Spider-Man & Friends features a distinctively drawn semi-Manga style kiddie Spider-Man, his cousin Spider-Girl, plus early school versions of Hulk, Wolverine, Beast, Storm and Captain America along with guest appearances from many other big name Marvel heroes and villains. Toy tie-ins are also available.
Published every four or five weeks, this UK magazine features a toy taped to the front of each issue. Inside you'll find a four page Spidey & Friends story with three panels per page, captions of 8-20 words per panel. Then there's some nice simple kids puzzles, some coloring, a couple of competitions, and a page or two of Spidey merchandise. Essentially, it's the same format as the older kids magazine, just reworked for a much younger target audience.
"Spider-Man is very excited when he wakes up and sees that it has been snowing in the night." There's a thick layer of snow all around.
Well, hell yeah! I would be very excited too if that happened to me!

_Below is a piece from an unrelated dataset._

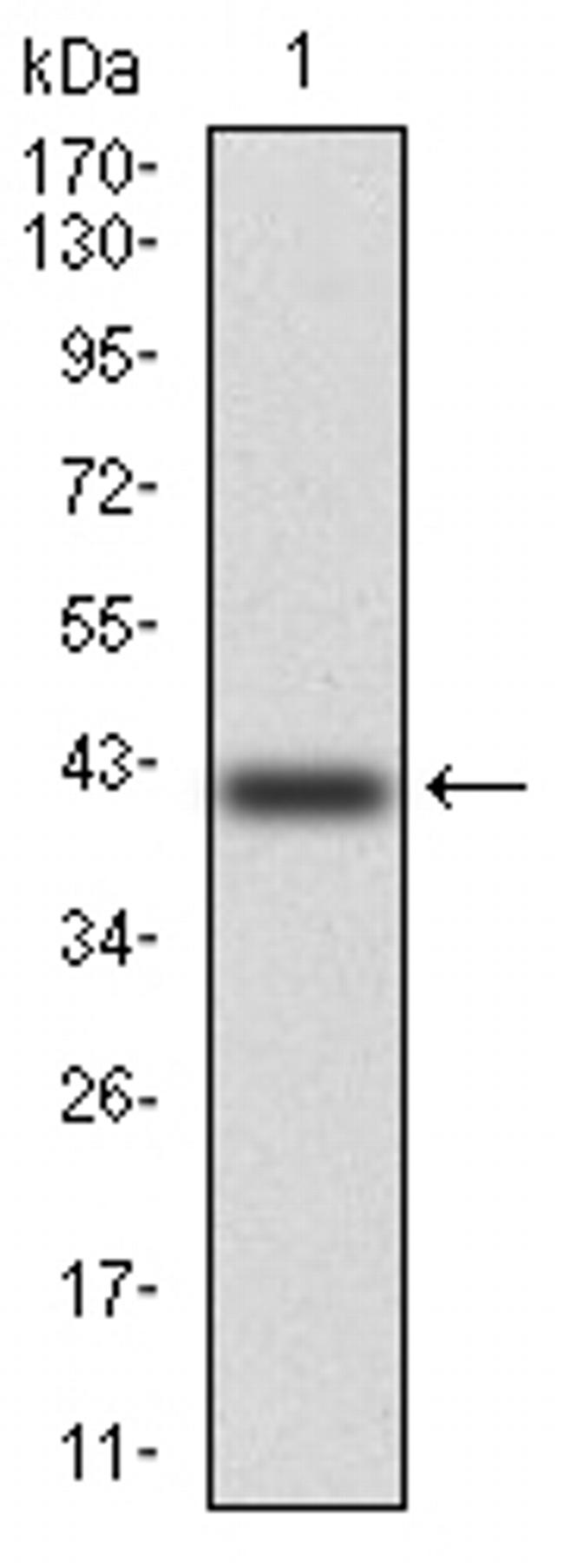 KV4.2 (KCND2) Antibody in Western Blot (WB)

Though the primary reason I'd be excited is that clearly either (a) some pretty severe climate change had come to pass, or (b) somebody had moved my house while I slept and relocated it somewhere above the snow-line. Either case would get me pretty wound up.
Spider-Man loves snow. (OK, there's a line from the Department of Redundancy Department). They all wrap up warm, go outside. Spidey gets a snowball in the face. Let's ignore for the moment the fact that a Hulk-hurled snowball would probably suffice to crush in a skull, brick wall, and/or pretty much any solid obstacle unfortunate enough to find itself in the devastating flight path.
Doc Ock is supposedly the best at throwing snowballs, because of his extra arms.
Really??!!! I'd rather take six point-plank Otto Octavius Specials to the face any day, rather than take a single long-distance Hulk-Hurled Holiday Hemorrhage to any other part of my body. And if we're really working out who is the BEST snowball fighter, surely Spidey's Spider-Sense would make him immune and totally untouchable! Yeah, calling Doc Ock the best of that bunch is a big call there, a biiiiig call.
Boring old Captain America tells the heroes to stop playing in the street. They head over to the park where they find Spider-Girl and Storm on their backs in the snow. Making snow angels! Get yer filthy minds out of the gutter!
Captain America's shield is requisitioned for use as a sled, but the whole gang is too heavy to slide together. So Cap gets the shield, and Spider-Man builds web-skis. I mean, seriously. Just stop and think for a second about the suitability of webbing for making skis. Does it share any single property in common with any material that might be appropriate in any way for constructing skis? Hell, why not make a car out of boiled spaghetti, or a pencil sharpener out of lark's vomit?
Hulk ignores the insanity of the spider-skis and decides to roll down the hill. He's covered in snow when he gets to the bottom. The heroes make a snow man, and Snow-Man and Snow-Hulk stand side by side.
Umm... that's your punchline, kids.
The rest of the book features the usual filler. Well, almost the usual filler. The single page of advertising for Spider-Man toys is replaced with a full page advertisement for a Panini "Thomas & Friends" sticker book. I guess it's the same amount of advertising in total, and I guess it's in-house advertising. I mean, it's not like they ripped out six pages of content and replaced it with fast food advertisements. But even so, it's non-Spidey content, and it was a bit of a shock to see it there.
Ah well, moving on. A story comprehension quiz. (Can you remember what the Heroes used for a sled? Was it an ironing board? Was it a tray? Or was it Captain America's shield?) Cut out a Hulk mask. Join the dots. A 2-page coloring spread, and a 1-page coloring. A trace-the-path, some letter tracing, a cut-out jigsaw, some "winter" facts (did you know that sometimes it gets so cold that it snows in winter). A simple puzzle, a spot the differences (another tricky one), a maze, two pages of fan photos, and the back-cover poster is... Spider-Man!
Webbing skis and a rather flat finish make this otherwise inoffensive story a little disappointing. Two webs.